What is there to say? Cars are getting older, and batteries are getting better and lasting longer; so don’t expect too much more than a 1.5% average annual growth rate through to 2010. If you’re looking for excitement, go to China, where buying a car is still a novelty process and China’s middle classes are snapping them up at a compound annual growth rate of 13% or more! The one point Rowe made that I did take exception to was his prediction regarding the impact of the hybrid electric car. True, it’s not going to make much difference to conventional lead-acid battery demand in the short term; but petrol will never be cheap again, and the U.S. automobile buyer won’t embrace diesel; so how much longer can you afford to drive inefficient vehicles? (See this issue’s Groundpath for more biting comment.)
The industrial battery forecast, however, is becoming less of a forecast and more of a surprise turn-out. Take for example last year’s numbers – nearly an 8% increase in motive orders, and a 12% increase in orders for stationary batteries. What’s going on? I don’t think anyone really knows, and what the battery industry needs is some clarity from the telecom industry. Bob Cullen does an excellent job in painting the bigger picture – the telecom industry in the U.S. at least is going back to where it was before the break-up of the Bell monopoly: fewer larger companies offering more and more services. Telecom equipment is changing enormously, but what does that mean for back-up power? Some of this was touched upon briefly at the Battcon meeting, but until you, the battery makers, have more of an idea of the thinking about what kind of equipment will be out there in the field, you’ll be making the wrong products in the wrong kinds of numbers. Just like your cell phone, telecom hardware is turning over at quite a pace.

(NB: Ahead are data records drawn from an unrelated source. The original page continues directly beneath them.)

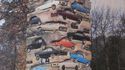 Recyclage de voitures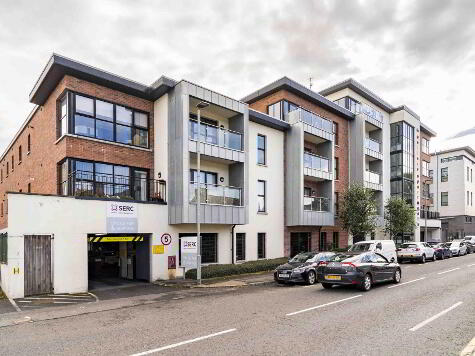 Photo 1 of Apt 15 The Wallace Apartments, Wallace Avenue, Lisburn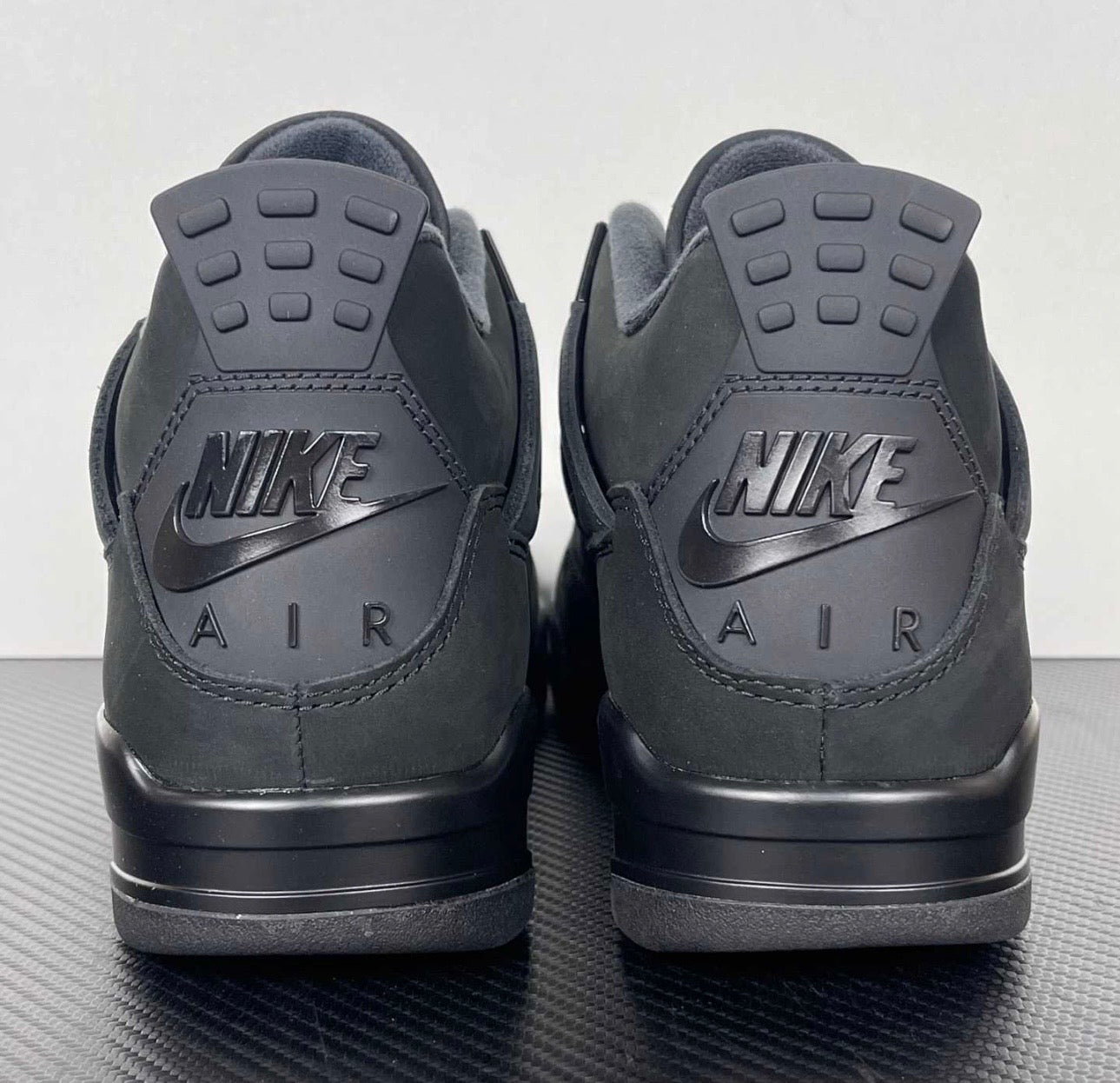 Jordan 4 Black cats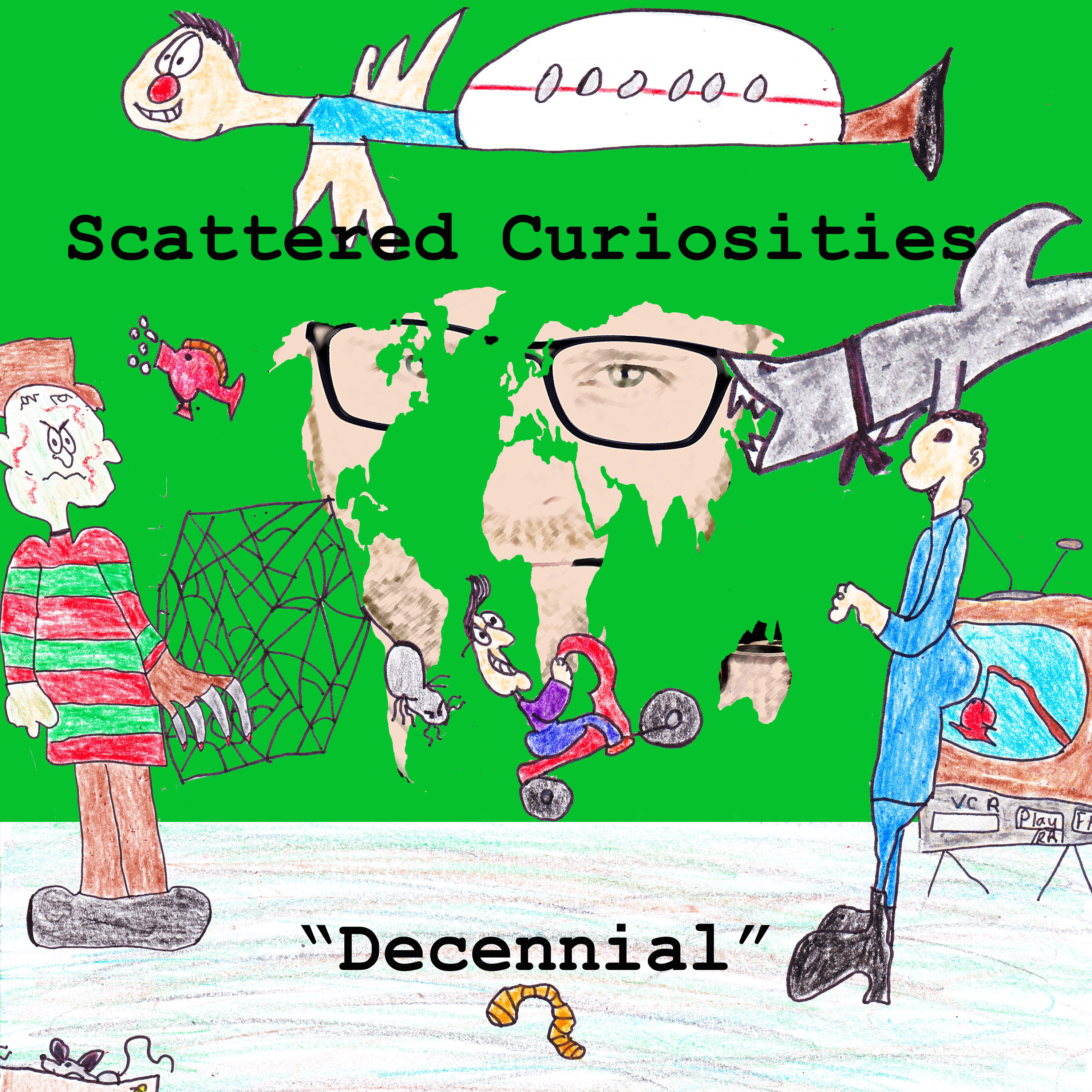 Scattered Curiosities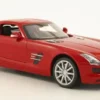 Mercedes SLS AMG (C197), rot, 1:24, Welly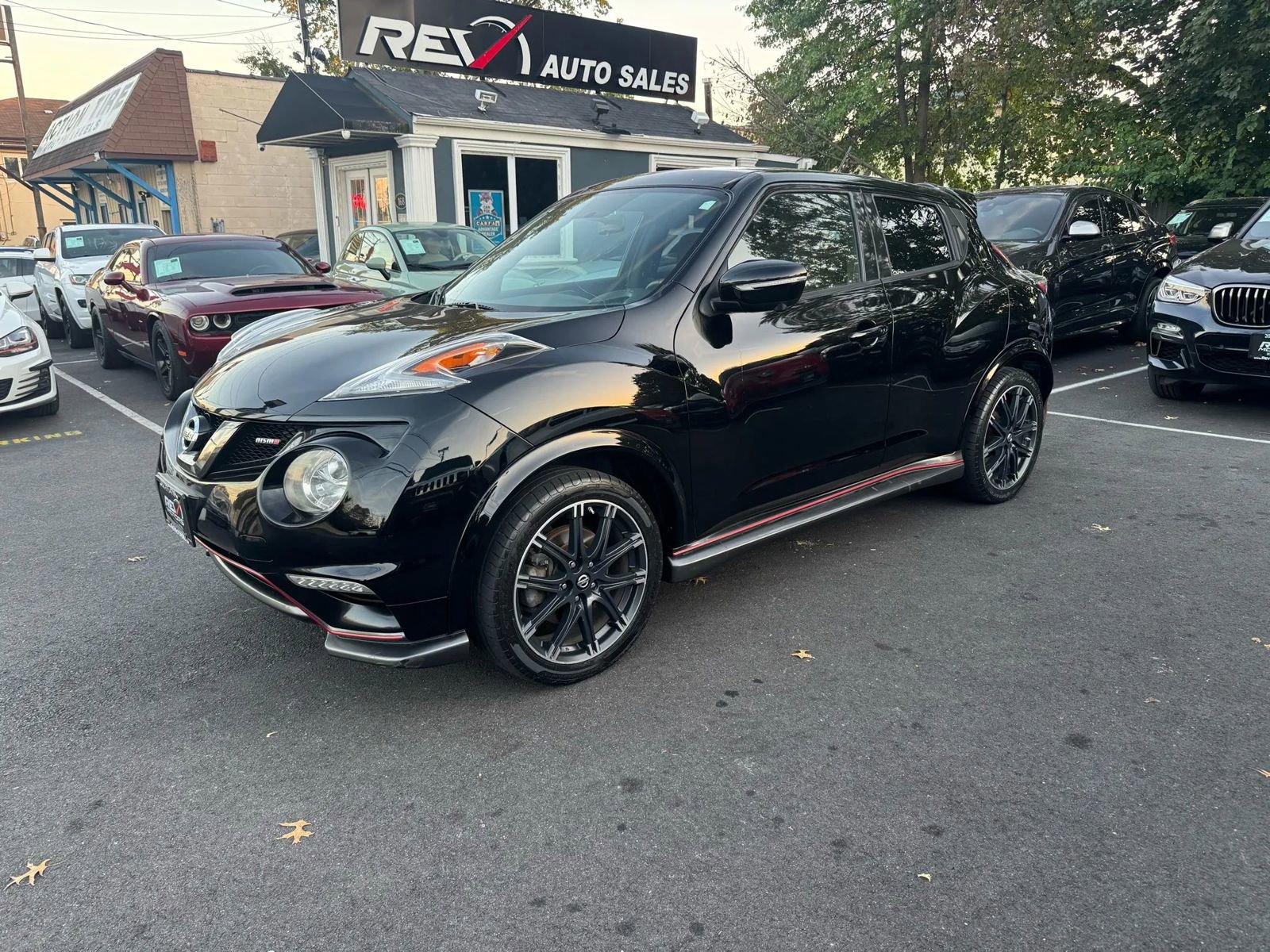 Used 2015 Nissan Juke NISMO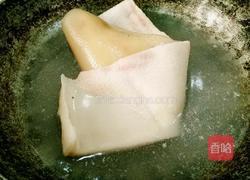 烤猪皮的做法图解6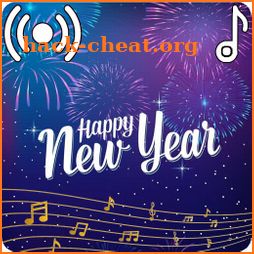 Happy New Year Sounds Ringtone icon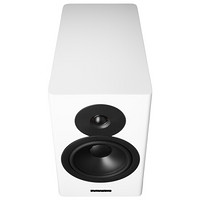 DYNAUDIO 丹拿 重现系列 Evoke20 2.0声道 居家 HIFI音箱 高光白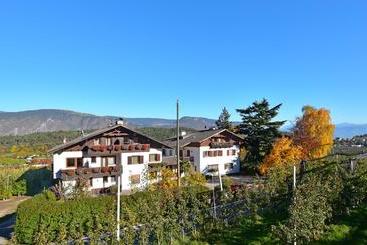 酒店 Pension Dolomitenblick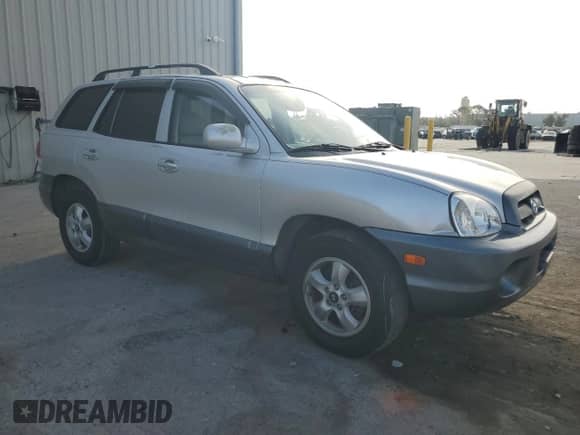 2005 Hyundai Santa Fe GLS с VIN KM8SC13E95U964136, выставлен на аукционе Copart как лот 59693805 с пробегом 124 086 миль миль и Списание • Salvage title. История ставок и продаж доступна на DreamBid. Изображение 4.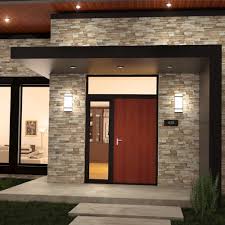 Intended For Modern Porch Light Oscarsplace Furniture Ideas Modern Porch Light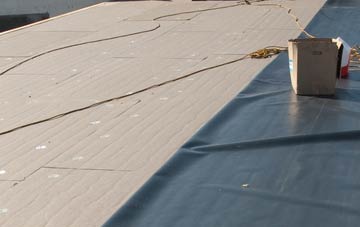 disadvantages of Hare Appletree flat roof insulation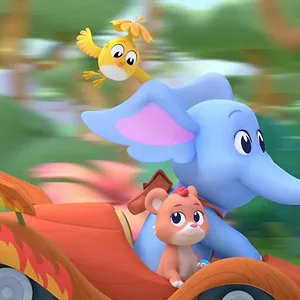 Dr. Seuss's Horton!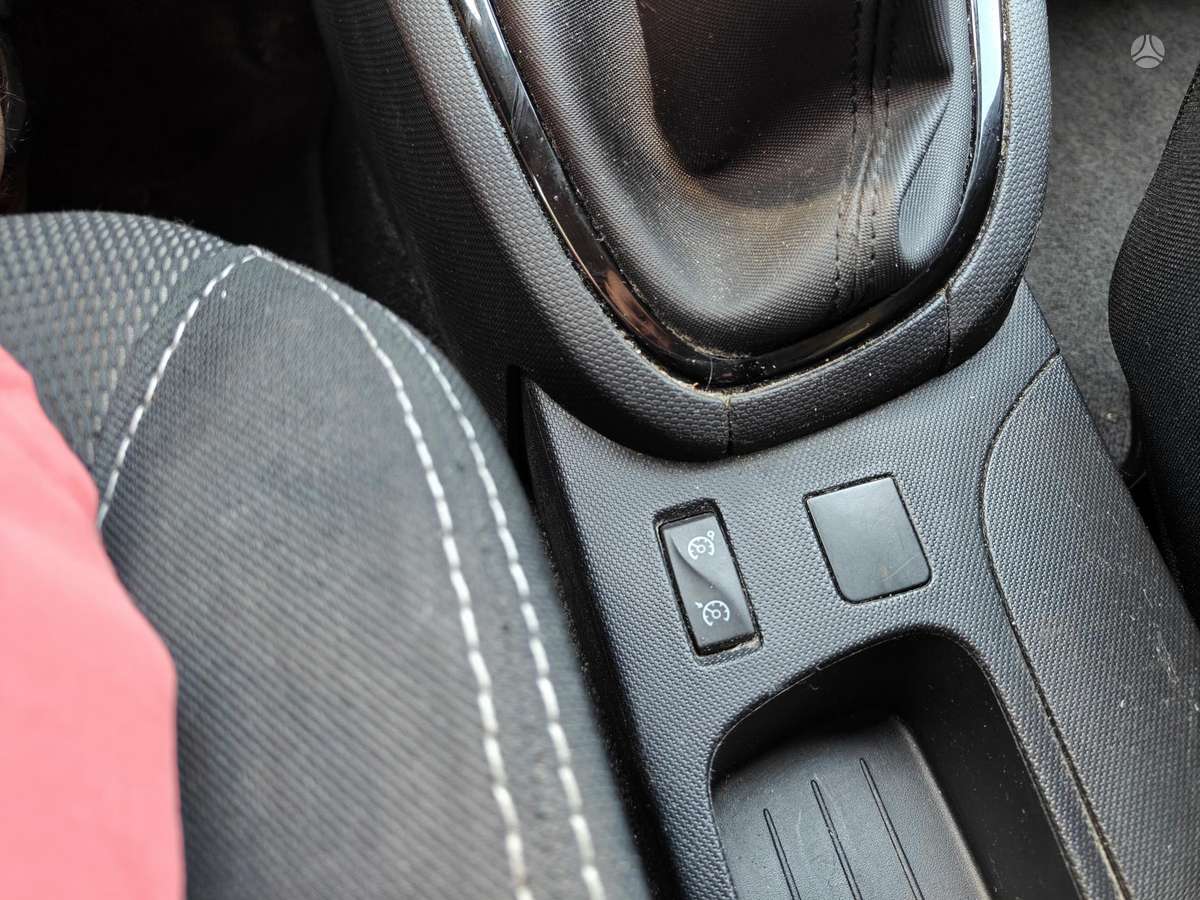 Renault Clio, 1.5 l., universalas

System lifetimes are shorter, so who really needs long lifetime back-up? As distributed systems become the norm, back-up may even become the responsibility of the domestic consumer.
If the Battcon meeting is anything to go by, the telecom industry is no longer concerned about the short lifetimes of VRLA product in some circumstances… it has learned to live with them.
But much more detail is needed to show the battery industry where it needs to be going and what it should be making. Or is it? Is the BCI convention even the place for this? What’s become apparent to me is that this (the BCI convention) is in need of a makeover; it’s not a deep technical meeting, so let’s skip that part. And it’s not yet celebratory unless, perhaps, the doors are opened to other chemistries (cries of treason) and technologies. But why not? An industry awards dinner and golf tournament, with perhaps some brief market discussions? No, we won’t have ‘Best nickel cadmium battery maker of the year’ because one company would always win! Now that BEST is so much closer to the BCI organisation, perhaps we can influence things a little?